2.1: Introducing REST
The Autobarn project includes a simple HTTP API based on ASP.NET WebAPI, that supports the following methods:
GET /api/vehicles/
Returns a list of all the vehicles stored in the system
POST /api/vehicles/
Add a new vehicle to the system
PUT /api/vehicles/{registration}
Create or update the vehicle with the specified registration
DELETE /api/vehicles/{registration}
Delete the vehicle with the specified registration
ℹ You can send GET requests using a normal web browser, but you’ll find working with HTTP APIs much easier if you install a development HTTP client such as Postman or Insomnia. The screenshots in this section are from Postman.

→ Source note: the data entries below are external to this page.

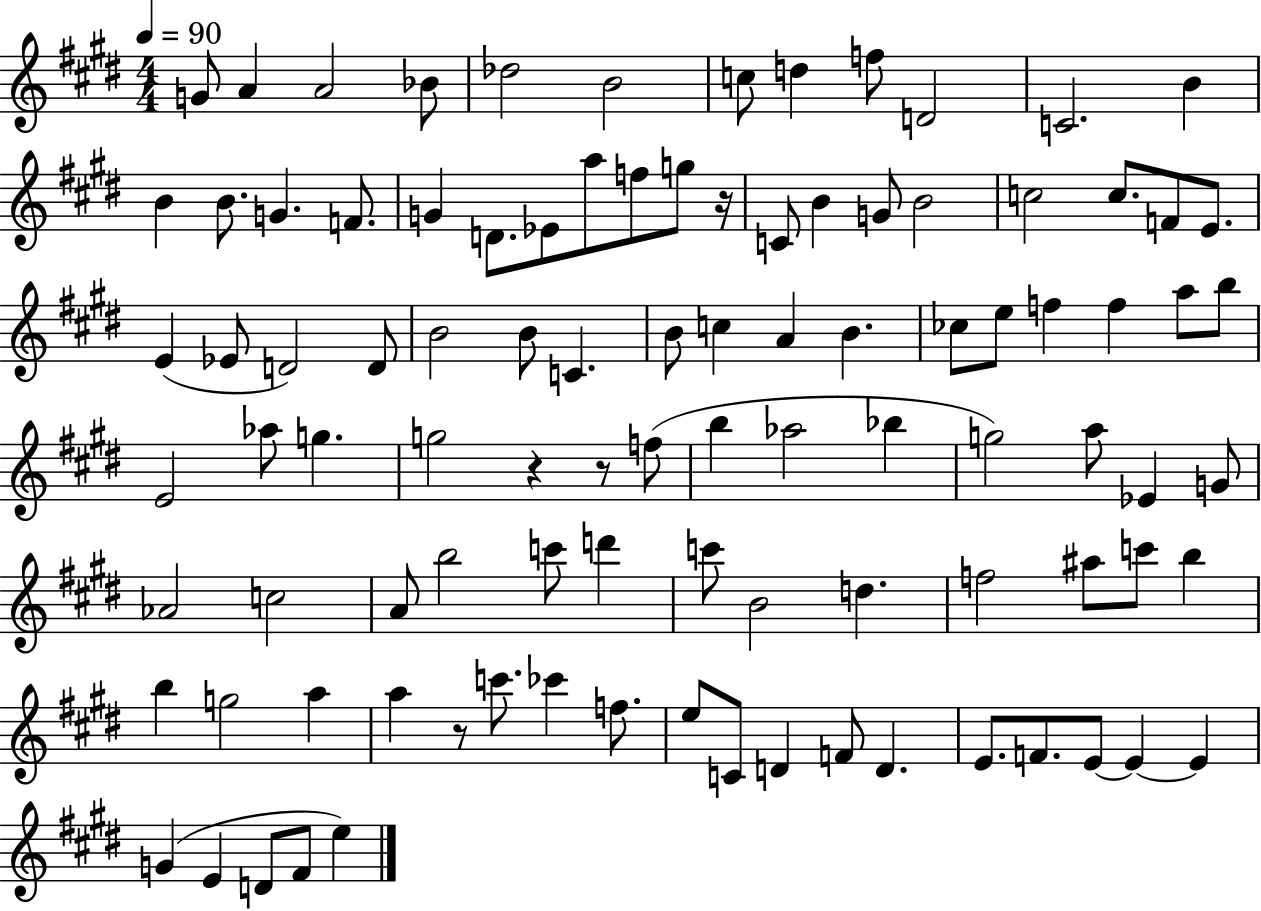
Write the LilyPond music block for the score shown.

{
  \clef treble
  \numericTimeSignature
  \time 4/4
  \key e \major
  \tempo 4 = 90
  g'8 a'4 a'2 bes'8 | des''2 b'2 | c''8 d''4 f''8 d'2 | c'2. b'4 | \break b'4 b'8. g'4. f'8. | g'4 d'8. ees'8 a''8 f''8 g''8 r16 | c'8 b'4 g'8 b'2 | c''2 c''8. f'8 e'8. | \break e'4( ees'8 d'2) d'8 | b'2 b'8 c'4. | b'8 c''4 a'4 b'4. | ces''8 e''8 f''4 f''4 a''8 b''8 | \break e'2 aes''8 g''4. | g''2 r4 r8 f''8( | b''4 aes''2 bes''4 | g''2) a''8 ees'4 g'8 | \break aes'2 c''2 | a'8 b''2 c'''8 d'''4 | c'''8 b'2 d''4. | f''2 ais''8 c'''8 b''4 | \break b''4 g''2 a''4 | a''4 r8 c'''8. ces'''4 f''8. | e''8 c'8 d'4 f'8 d'4. | e'8. f'8. e'8~~ e'4~~ e'4 | \break g'4( e'4 d'8 fis'8 e''4) | \bar "|."
}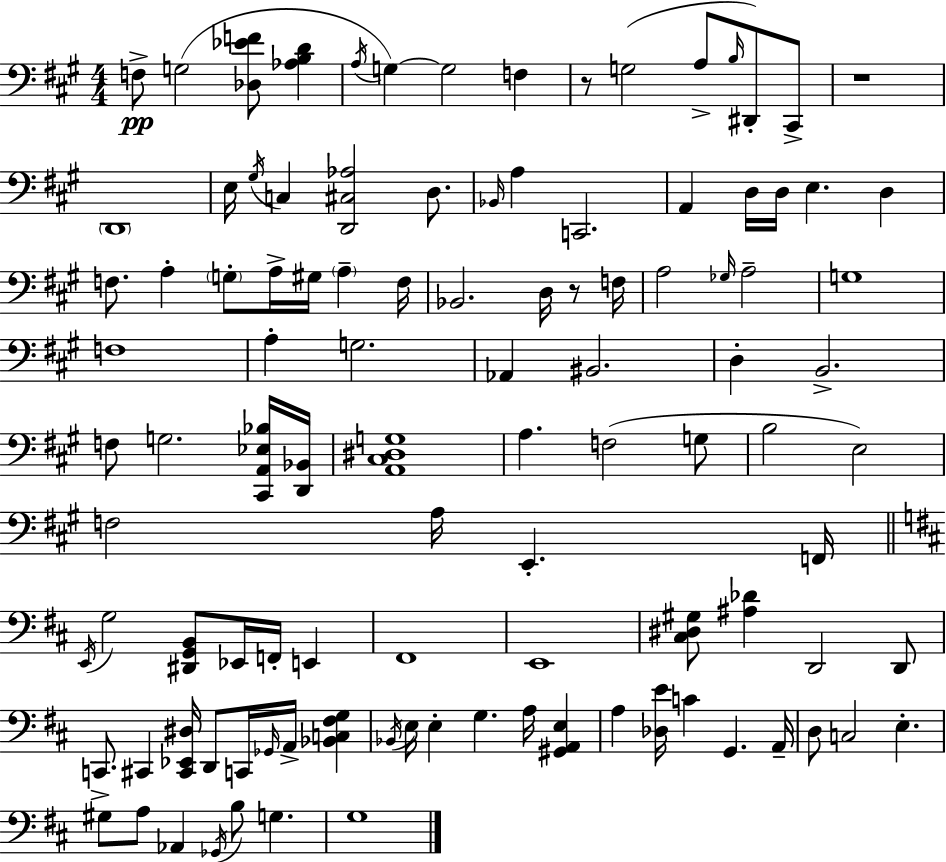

Pagination for large data sets
Take a look at the results of GET /api/vehicles on our API. It’s a HUGE list of data; every single vehicle in our data set, in one enormous JSON array. We’re transferring a lot of data that isn’t really necessary – and if we want to consume that dataset through some sort of rich client, we’re going to either need to retrieve all 5,000+ vehicles once and cache it locally, or we’ll need to retrieve it every time, filter it on the client side to extract the records we need, and discard the rest. Neither of those is ideal.
One approach we could use here would be to paginate our data set: break it into pages, and retrieve each page one at a time:
GET /api/vehicles
// Defaults to page=0; assume 10 records per page; returns records 0-9
GET /api/vehicles?page=1
// returns records 10-19
GET /api/vehicles?page=2
// returns records 20-29
There are two problems with this approach:
- The client needs to know how it works. Which means somebody has to read the documentation, which means we need to write the documentation, and maintain it, and…
- If we change our pagination strategy, all the clients will break. Say we decide that instead of breaking the list down by record number, we’re going to break it down alphabetically; all the vehicles with a registration beginning
Aon one page (/api/vehicles?group=a), another page for all the vehicles beginningB(/api/vehicles?group=b), and so on. Requests with?page=2will then fail because they don’t use our new pagination scheme.
Introducing Hypermedia
There’s a lot of discussion about what makes an API “properly RESTful” – and, to be completely honest, it’s not that big a deal. Like any pattern or architectural style, REST won’t magically solve all your problems – but if you are dealing with particular kinds of problems, applying some RESTful principles might make your life easier and avoid reinventing the wheel.
If I had to identify one fundamental difference between REST and regular HTTP APIs, it would be hypermedia. Just as the world wide web uses hyperlinks to connect related pages, a properly RESTful API should return resources that include hypermedia links that the client can use to explore other resources exposed by that API.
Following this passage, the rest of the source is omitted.